10 Ways To Segment Your Donors
Donor segmentation is an effective fundraising strategy that allows you to communicate more effectively with your donors by tailoring your communications to smaller groups. How you choose to segment your donors will depend on your donor base, organization needs, and fundraising goals. Donor segmentation also relies on having complete, accurate, and up-to-date information about your donors, which you can get in part from donor surveys. Software solutions and consultancy services such as the DonorWERX suite make the segmentation process easier and more useful.
Donor Segmentation: The 10 Best Ways
Below are 10 of the possible ways you might segment your donors.
The Basics
- Gift Size: If you know the size of the donor’s gift, you can know how much to ask for when making an appeal for the next gift. Nonprofits typically divide donors into three tiers of giving: general, mid-level, and major gifts. Ideally, you can move donors to progressively higher levels of giving.
- How They Were Acquired: Knowing where your donors came from helps you tailor your message and conduct donor outreach. Common acquisition sources include: volunteering, your website, social media, direct mail campaigns, referrals, and in-person solicitations.
- Recurring Giver or First-Time Donor: First-time donors might receive a welcome packet of materials and require additional support to make their next gift. Your messaging to recurring givers will be different than with first-time givers.
- Age: Different fundraising techniques are more likely to appeal to different generations. Knowing a demographic such as age is helpful when customizing communications and engagement opportunities geared toward targeting different age groups. For example, younger generations are much more likely to prefer social media and text message communications.
Going In-Depth
- Communication Preferences: Segment your donors based on their communication preferences to make sure that you are reaching them in a way they are comfortable with. Preferred communication methods include: email, postal mail, telephone, texting, online chat or messaging, and in person.
- Interests: In the context of segmentation, “interests” refers to your donors’ interests as they relate to involvement with your organization. To better connect donors with their desired interests, find out whether they are interested in: volunteer opportunities, networking with other donors, learning more about various causes, or certain aspects of your mission (such as alleviating hunger, or outreaching to the community).

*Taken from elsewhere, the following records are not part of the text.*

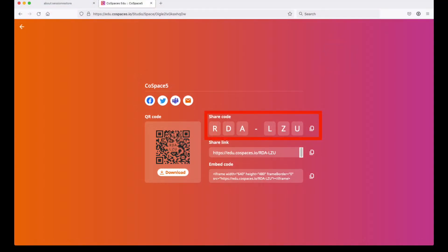The next screen shows you the share code. Memorize these six letters because you'll have to type them in on the Oculus goggles.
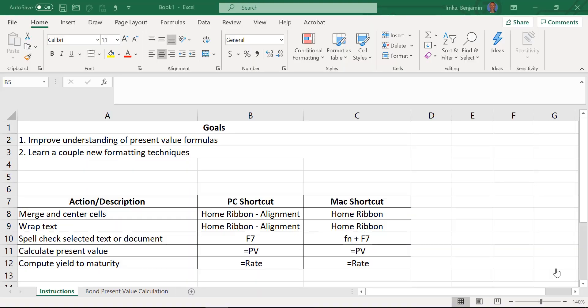Hello everybody and welcome to Lesson 9 in the Ben and Boz Microsoft Excel video tutorial series. I'm Boz. I'm Ben. It is a beautiful day in Collegeville — sunny, a little breeze to keep it cool. No place I'd rather be than sitting in my garage recording Excel videos.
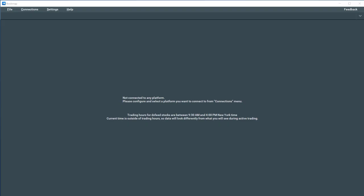In this video we are going to connect Bookmap 7.2 or greater to NinjaTrader 8. Please make sure that both NinjaTrader 8 and Bookmap 7.2 or greater are already installed on your machine.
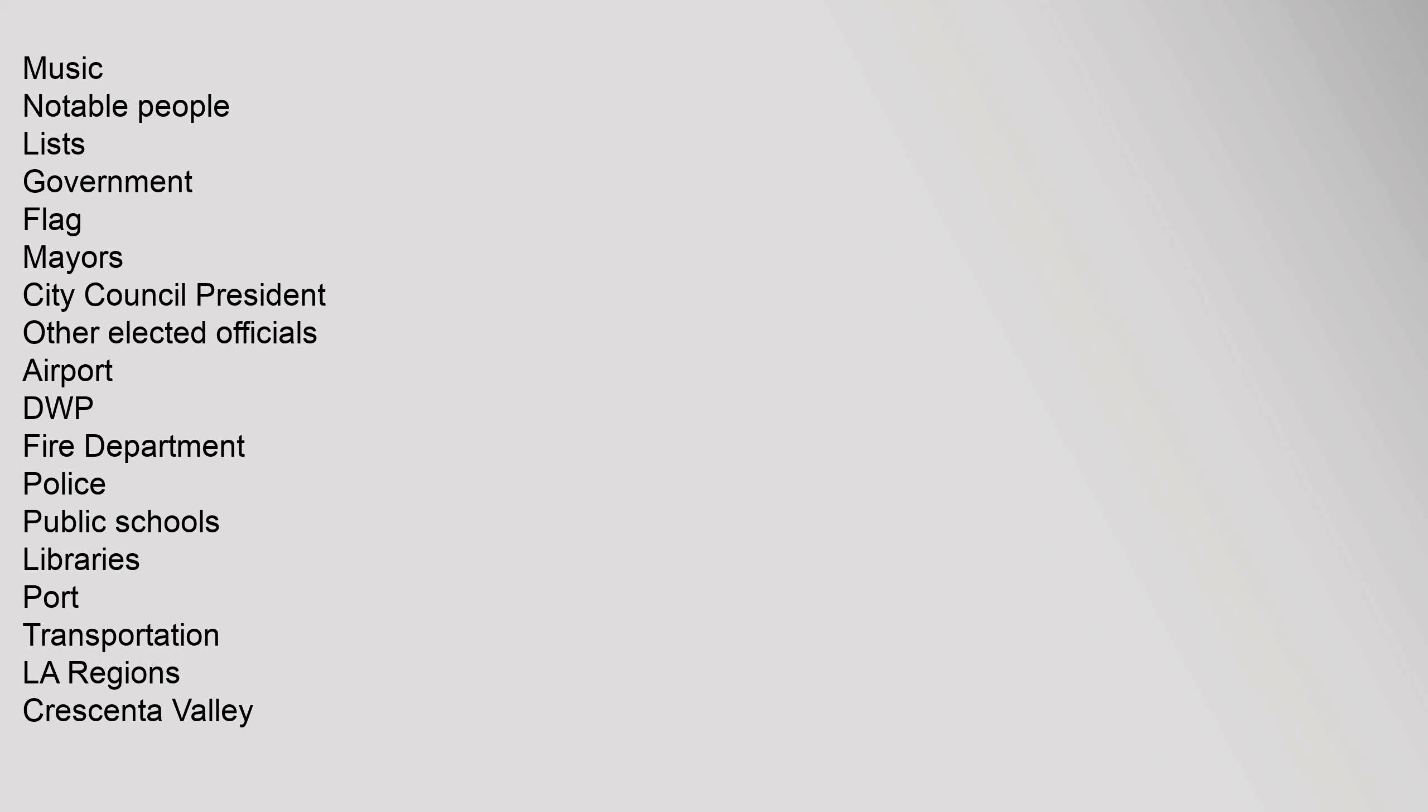Music, Notable People, Lists, Government, Flag, Mayors, City Council President, Other Elected Officials, Airport, DWP, Fire Department, Police, Public Schools, Libraries, Port, Transportation. LA Regions: Crescenta Valley, Downtown, Eastside, Harbor Area, Greater.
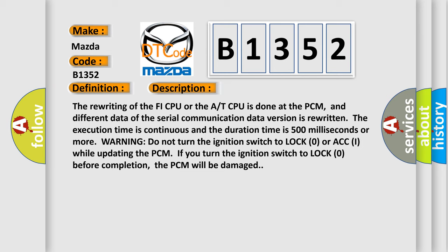Warning: do not turn the ignition switch to lock zero or ACC I while updating the PCM. If you turn the ignition switch to lock zero before completion, the PCM will be damaged.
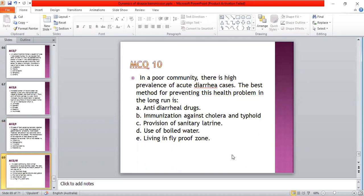In a poor community, there is a high prevalence of acute diarrheal disease. The best method for preventing these health problems in the long term: A: early diagnosis; B: immunization against cholera and typhoid; C: provision of chemotherapy; D: use of boiled water; E: living in fly-proof houses. The answer is D — use of boiled water.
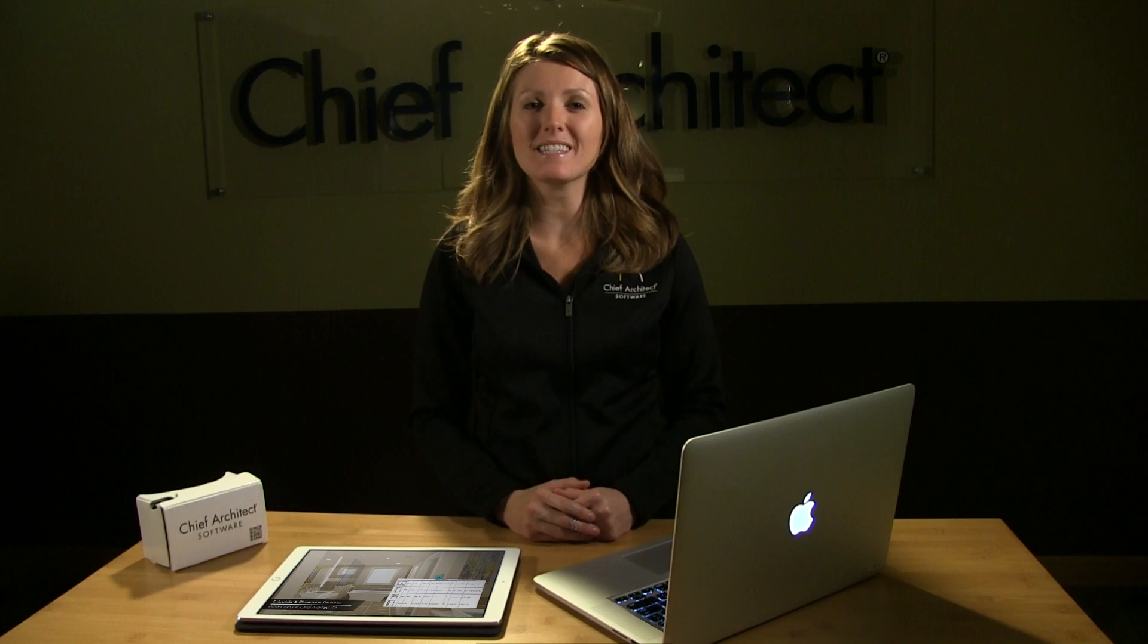Hi, I'm Jenna with Chief Architect. In this video segment, I'll show the new Schedule and Dimension features added in Chief Architect X9.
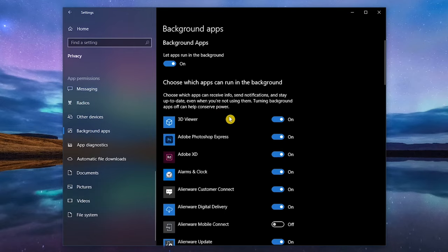You could take the extreme measure of turning off all background apps by toggling the switch where it says Let apps run in the background. A more reasonable approach would be to go through the list of apps and toggle off those that you don't want to run in the background. Now with these turned off, they won't be wasting resources when you're not using them.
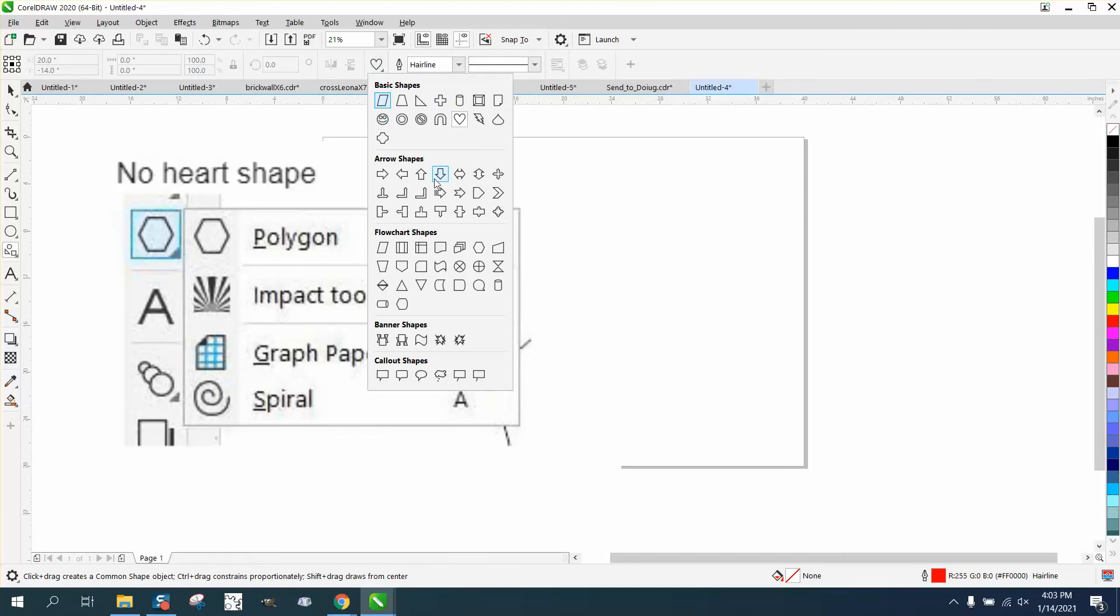All these different shapes have been added: arrows, banners, callout shapes, flow charts, flow shapes.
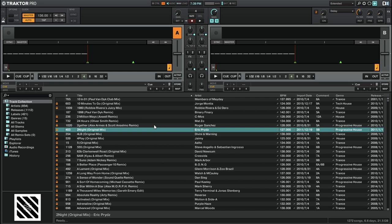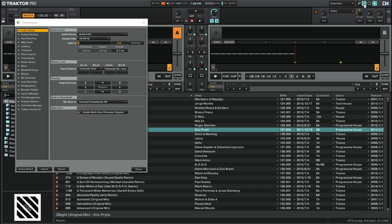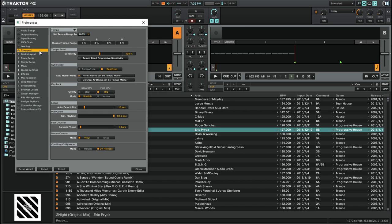There are two settings for the Key Lock feature in Traktor Pro 2's preferences. Let's take a look at those now. We're going to go up to the top right of Traktor Pro 2 and click on the cogwheel icon to open up the preferences. Then we're going to go to the Transport tab. In the Key Lock section there are settings for Quality and Mode. Let's start with the Quality setting.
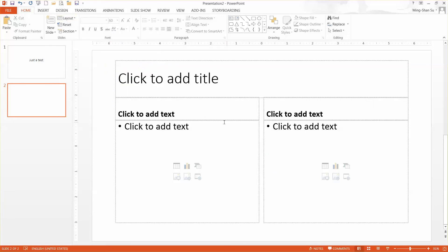By default it gives you two components — two comparisons — but we want to change it to three comparisons.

- Engagement Level: Segment your donors according to their level of engagement with your organization. This helps you target messaging and outreach efforts designed to help them progress up the donor engagement ladder. Do they engage via social media? Volunteer? Attend events?

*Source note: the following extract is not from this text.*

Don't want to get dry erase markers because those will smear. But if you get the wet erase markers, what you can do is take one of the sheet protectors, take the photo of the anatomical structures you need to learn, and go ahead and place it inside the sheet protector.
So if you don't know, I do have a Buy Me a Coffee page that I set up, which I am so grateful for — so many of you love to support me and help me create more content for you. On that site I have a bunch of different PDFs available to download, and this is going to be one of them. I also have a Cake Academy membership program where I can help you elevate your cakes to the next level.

- Demographics: Demographic data such as household income, sex, and location can be useful for targeting your messages and framing your asks, since demographics influence whether donors will give and affect what motivates their giving. Because this data, along with age, tends to be more readily available with less effort, demographic categories commonly are used for segmentation.
More Considerations
- Donation Frequency: To make sure you send the right messages at the right times, note your donors’ donation frequency. Some donors consider giving only once a year, while others will donate whenever you ask. You would be wasting your time and potentially alienating donors by sending fundraising appeals every month to a donor interested only in annual donations.

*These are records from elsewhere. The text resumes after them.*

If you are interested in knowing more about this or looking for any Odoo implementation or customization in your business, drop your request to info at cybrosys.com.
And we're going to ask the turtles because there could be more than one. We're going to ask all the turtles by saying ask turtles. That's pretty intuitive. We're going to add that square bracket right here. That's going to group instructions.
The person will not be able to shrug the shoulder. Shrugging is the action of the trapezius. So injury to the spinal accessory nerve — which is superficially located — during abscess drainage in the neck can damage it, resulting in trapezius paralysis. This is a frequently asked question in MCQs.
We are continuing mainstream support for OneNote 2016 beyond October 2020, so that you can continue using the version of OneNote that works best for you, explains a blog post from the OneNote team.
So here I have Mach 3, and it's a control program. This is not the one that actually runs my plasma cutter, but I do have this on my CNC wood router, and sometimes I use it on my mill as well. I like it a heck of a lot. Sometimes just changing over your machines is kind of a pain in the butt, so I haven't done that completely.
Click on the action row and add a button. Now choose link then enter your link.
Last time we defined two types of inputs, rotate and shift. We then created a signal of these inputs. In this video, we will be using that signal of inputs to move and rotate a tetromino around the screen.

- Other: You can segment your donors according to any category or characteristic that serves your fundraising or communication goals, as long as you have the data available. A possible segment could be their preferred method of donating. Software such as DonorWERX expands your donation options to online giving, texting, and kiosks.
Go Beyond Donor Segmentation
However you segment your donors should be meaningful. This means the segments not only share common characteristics, but these shared characteristics predict certain outcomes. This will help you target more effectively. Whatever segments are selected require you have accurate, accessible data. This must be true about the donors and the results of your fundraising efforts for each segment. Useful segmentation helps you better engage your donors and strengthen their relationship to your organization. This in turn leads to improved fundraising efforts.